Well, actually Drama Queen is. But anyway that’s not important.
I have to work on my CV to get a job in a hospital next year. I think I already mentioned this process before. But basically I have to put together a CV for the people that match medical students to hospitals in their first year post graduation. It helps that I’m pretty much guaranteed a job and all that, but wanting to be put in a hospital of your preference, apparently requires a pristine application tailored to that hospital’s needs.
And that scares me a little bit.
Okay not entirely because I haven’t quite decided on my preferred hospital yet. But the rest is true.
One major problem? I stink at selling myself.
The first part of any CV is the personal statement. Thus far, I have written “I am a..” before I had a panic attack and decided to do it later.

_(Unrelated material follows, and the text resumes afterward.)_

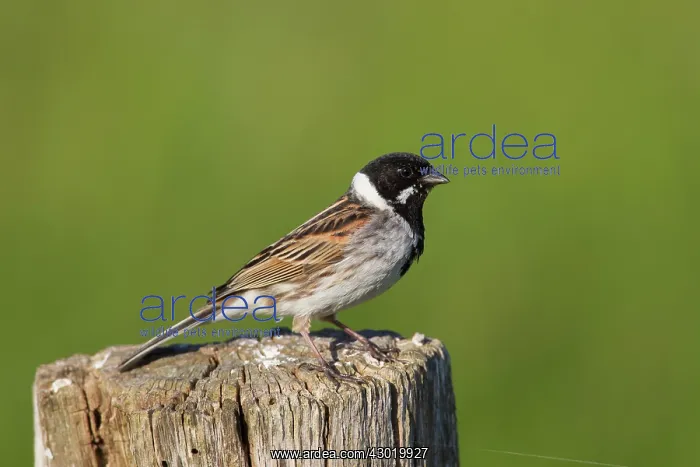 : Reed Bunting male in summer : Reed Bunting male in summer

I hate this idea. What am I supposed to say? I am an extremely talented, determined student destined to be a fantastic doctor?
Oh God I can barely type that on here. It’s just not believable.
And that may seem dumb. Because come on just get over it and write something overly cheesy and talk yourself up! That’s how you win jobs.
And I completely understand that. But I just can’t seem to do it. I don’t have a lot to say about myself. I mean yeah I’m not bad. But that I don’t think that’s exactly what they’re looking for.
The other major problem is the part of the CV called awards and achievements. Oh God. I’m drawing a huge blank.
It’s ironic how a document that is supposed to talk you up and be full of your strengths can make you want to kill yourself.
I have next to no achievements. I am surrounded by people who have won awards in med school, have several notable achievements in school and current achievements in academia. Ie Research.
My last legitimate award was 10th grade French. Where I was top of the year. Not exactly something that says “hire me! I’m going to be an amazing doctor!”
I have my research paper I published though. Just the one. I bet compared to some of the others in my class, that’s pretty average.
I just don’t like this exercise. And I suppose that’s another reminder of my underlying immaturity and reluctance to fit into being an adult.
Because now I’m filled with all this regret. Why didn’t I do more research papers in med school? Why wasn’t I more proactive in studying and attempting to win awards? Why didn’t I realise early enough and prepare accordingly?
And those are not fun questions to ask oneself. It makes you feel like you haven’t achieved enough compared to others.
But there’s nothing I can do about it now. I mean I regret not doing more things, but if I think about it, when I’m 60+ and have finished caring about my career and have muddled through being a doctor etc., what I’m really going to regret is not giving myself a break from things. Regretting not enjoying my summer holidays and doing research instead. Or staying home to study 20 hours a day instead of being around friends etc. When in fact, I’ll still have the chance to do all those things as part of my career. Doing them early wasn’t really going to put me ahead by much.
Well. This is what I’m telling myself as I work through my panic attack at writing a personal statement. I hope it’s true. I hope I don’t end up jobless and far behind everyone else who had 3 awards and 5 papers already.
Errr.. If only I could ramble on like this on my personal statement.